I know someone will love her!


----------



## Karen519 (Aug 21, 2006)

*Tine*

Tine

Is there a link to her?

Did you contact the Flat Coat Rescue?
email: [email protected] with all of her info, picture and link.


----------



## tine434 (Nov 24, 2013)

Which rescue is that? Because we had a male I tried a flat coat rescue for just a while back and they never responded. Actually I've never had a rescue respond about any of our dogs, ha...


----------



## Karen519 (Aug 21, 2006)

*Tine*

[email protected] -her name is Jackie, she's head of Flat Coat Ret.
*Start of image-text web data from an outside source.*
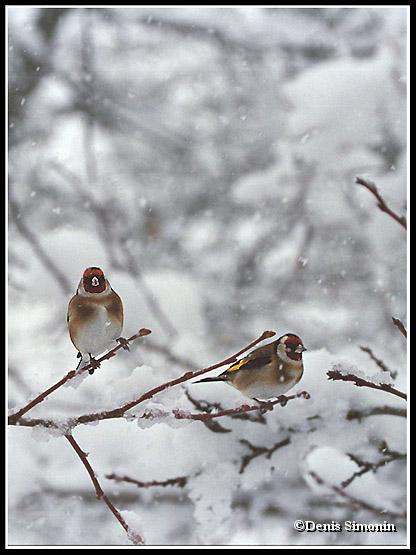 Chardonnerets élégants sous la neige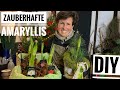 AMARYLLIS  zauberhaft dekorieren Weihnachtsdeko XMAS DIY-Anleitung Dekoidee Winterdekoidee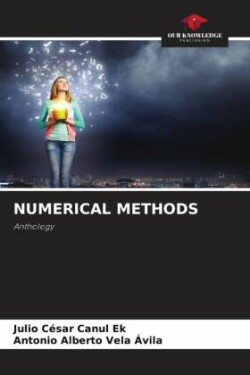 NUMERICAL METHODS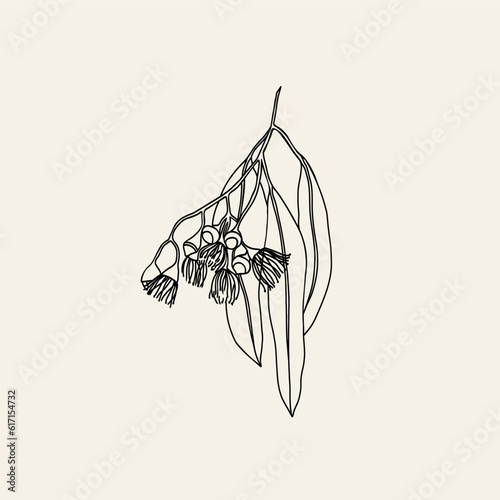 Line art eucalyptus branch illustration. Australian native plant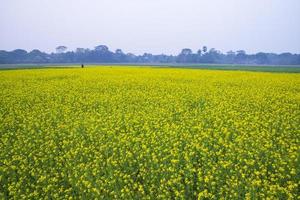 Beautiful Yellow Blooming rapeseed flower in the field natural Landscape view photo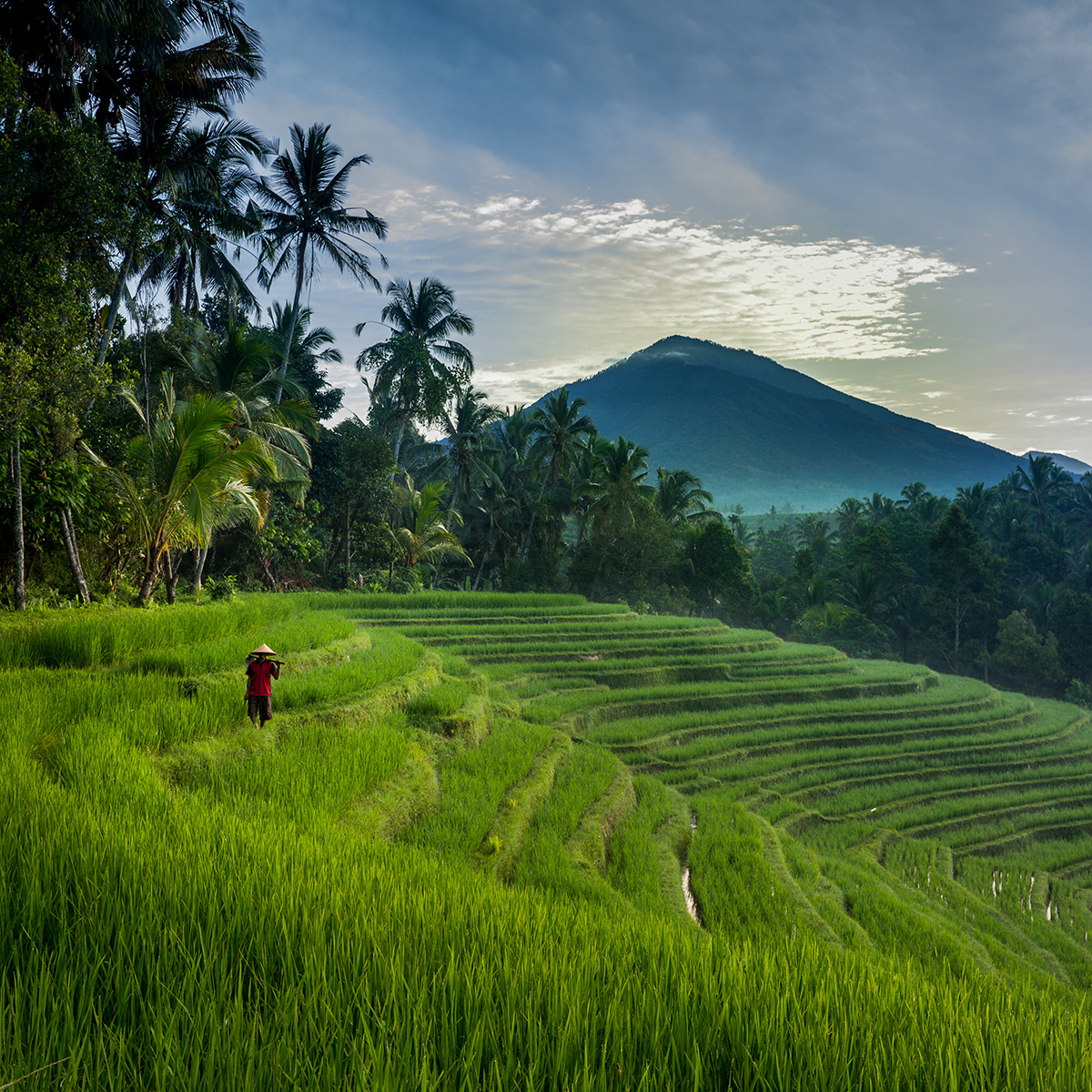 b indonesia field trip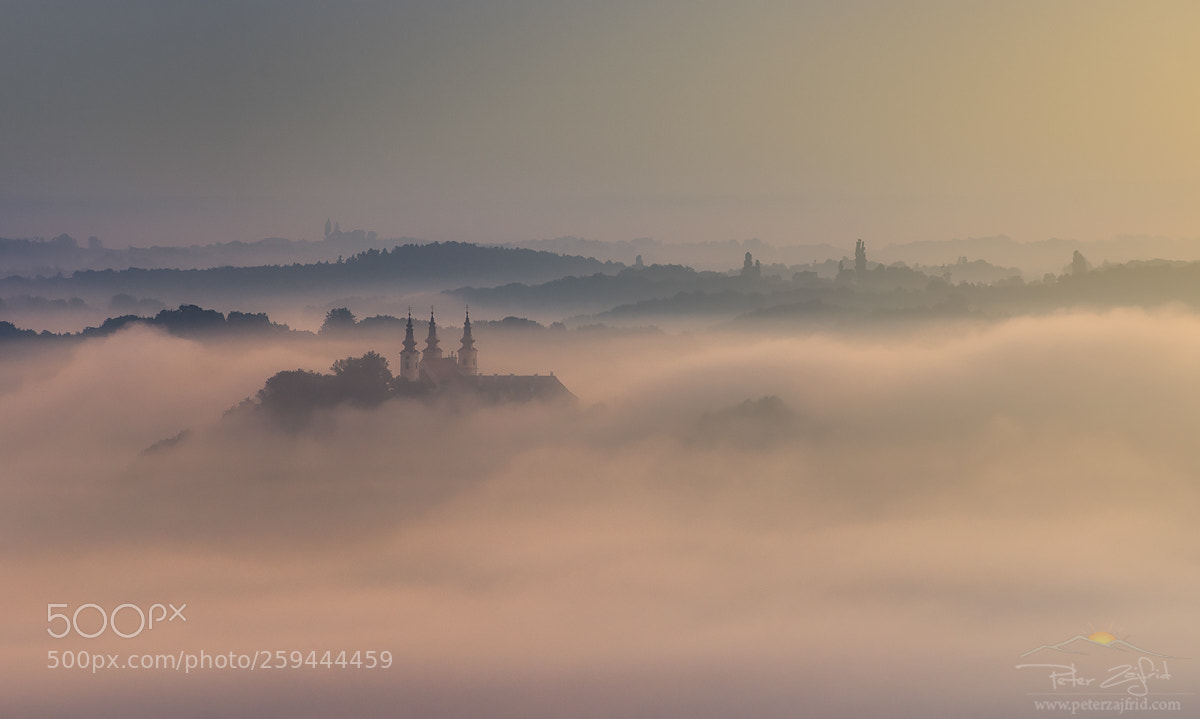 Nikon D810 sample photo. In the fog photography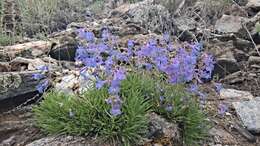 Image of stiffleaf penstemon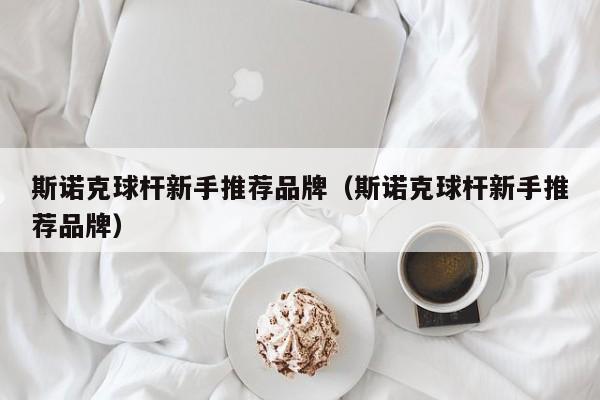 斯诺克球杆新手推荐品牌（斯诺克球杆新手推荐品牌）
Rescue and I believe she's in NH.
She has to look at the email first and if she thinks it's a Flat Coat she sends to someone to go look at. 
Here is the link
Flat-Coated Retriever Society of America, Inc.
When you click on it, click on Regional Rescue coordinators under Jackie Capes, and it will give you the person for the various states.


----------



## MaggieandBailey (Nov 26, 2013)

What a sweet face...


----------



## tine434 (Nov 24, 2013)

Karen she does have a link but I'm on my phone. My home Internet is not working so I can't get the link.


----------



## CAROLINA MOM (May 12, 2009)

She's a beautiful Flat Coat.


----------



## Karen519 (Aug 21, 2006)

*Beautiful Girl*

https://www.facebook.com/7057627372...1409928780./10152608529138726/?type=3&theater

http://www.adoptapet.com/pet/11476665-waycross-georgia-flat-coated-retriever-mix

I just emld. Jackie Capes ([email protected])


----------